YOUR GOAL:
Your task is to transcribe the lines from the start of the data below through the line containing "Minimalist beige large", inclusive, exactly as they stand and without the pictures.

DATA UNDER STUDY:

* * * * * * * * *

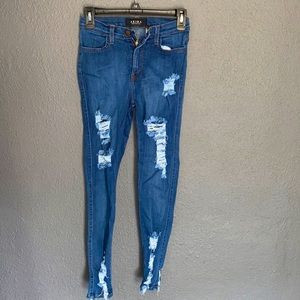 Akira jeans with shredded rips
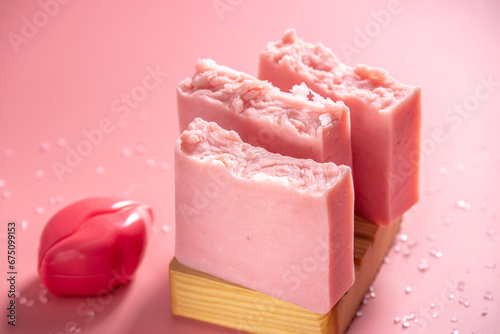 Cute pink pieces of organic eco soap on a soap dish made of natural wood on a pink background. Concept of modern and safe cosmetic products for skin care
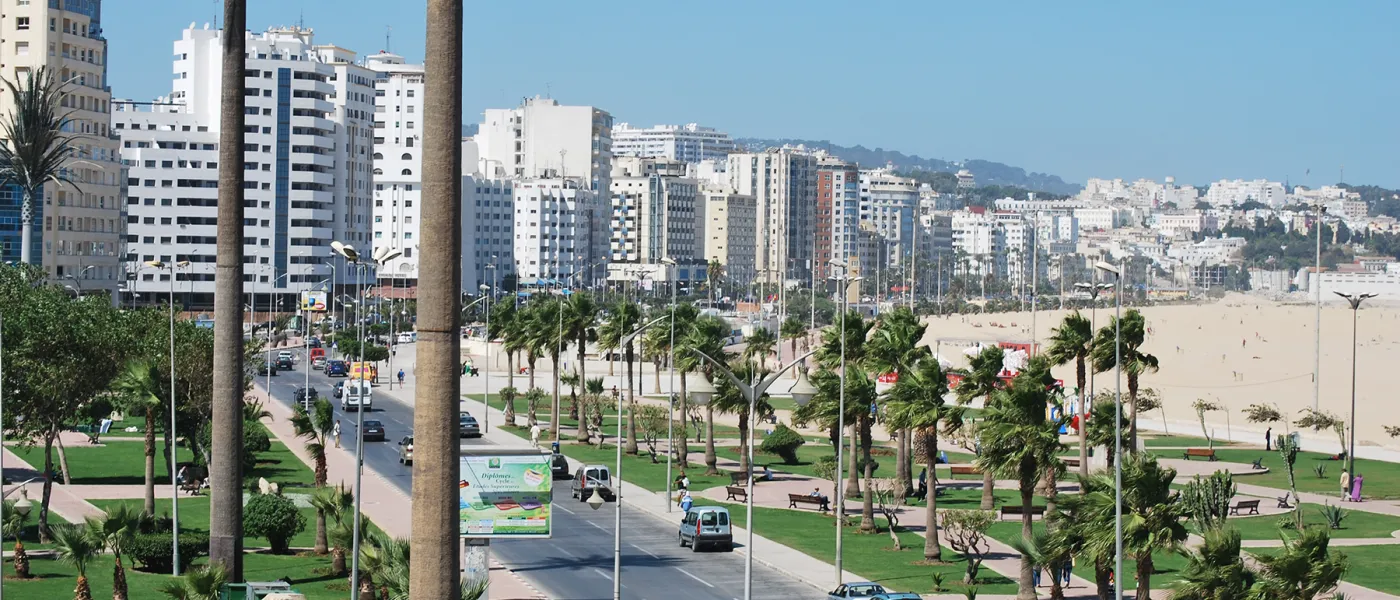 Coastal boulevard in Tangier with palm tree-lined streets, modern high-rise buildings, landscaped parks, and sandy beach along the Mediterranean Sea.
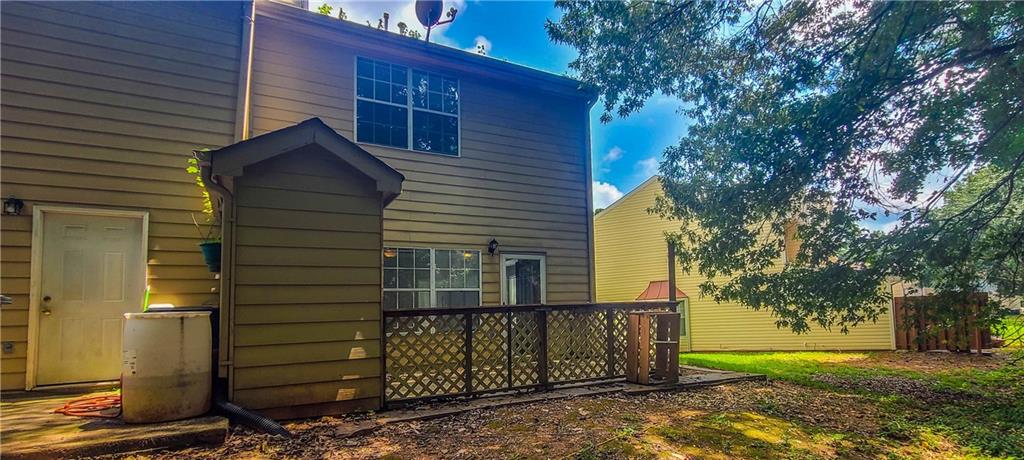 2120 Fairways Court Kennesaw, GA 30144 - Photo 18 of 20 a front view of a house with a yard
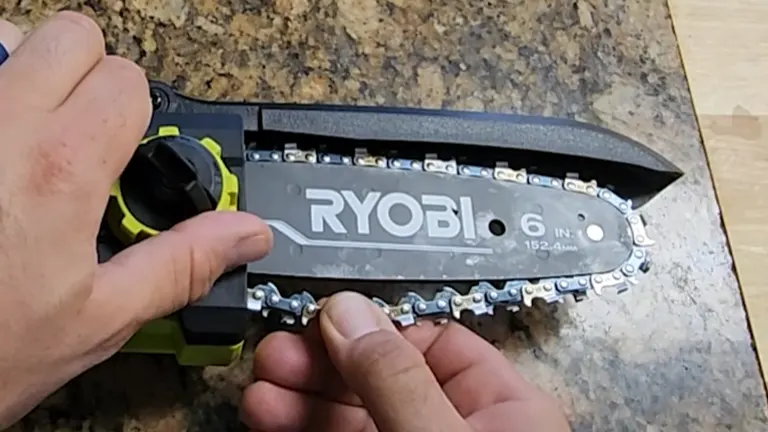Person holding the Ryobi Mini Chainsaw Chain checking for tension
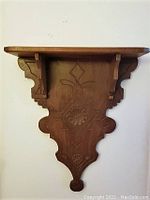 Frontal view of the small wooden wall shelf showing carved front panel and support brackets beneath the shelf.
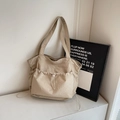 Minimalist beige large capacity tote bag with front drawstring pocket for daily use - Off-white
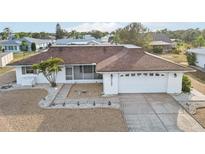 Single-story home with brown roof, white exterior, and landscaped yard at 1732 Flamingo Ln, Sun City Center, FL 33573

* * * * * * * * *

WRITTEN REPLY:
 Akira jeans with shredded rips
 Cute pink pieces of organic eco soap on a soap dish made of natural wood on a pink background. Concept of modern and safe cosmetic products for skin care
 Coastal boulevard in Tangier with palm tree-lined streets, modern high-rise buildings, landscaped parks, and sandy beach along the Mediterranean Sea.
 2120 Fairways Court Kennesaw, GA 30144 - Photo 18 of 20 a front view of a house with a yard
Person holding the Ryobi Mini Chainsaw Chain checking for tension
 Frontal view of the small wooden wall shelf showing carved front panel and support brackets beneath the shelf.
 Minimalist beige large capacity tote bag with front drawstring pocket for daily use - Off-white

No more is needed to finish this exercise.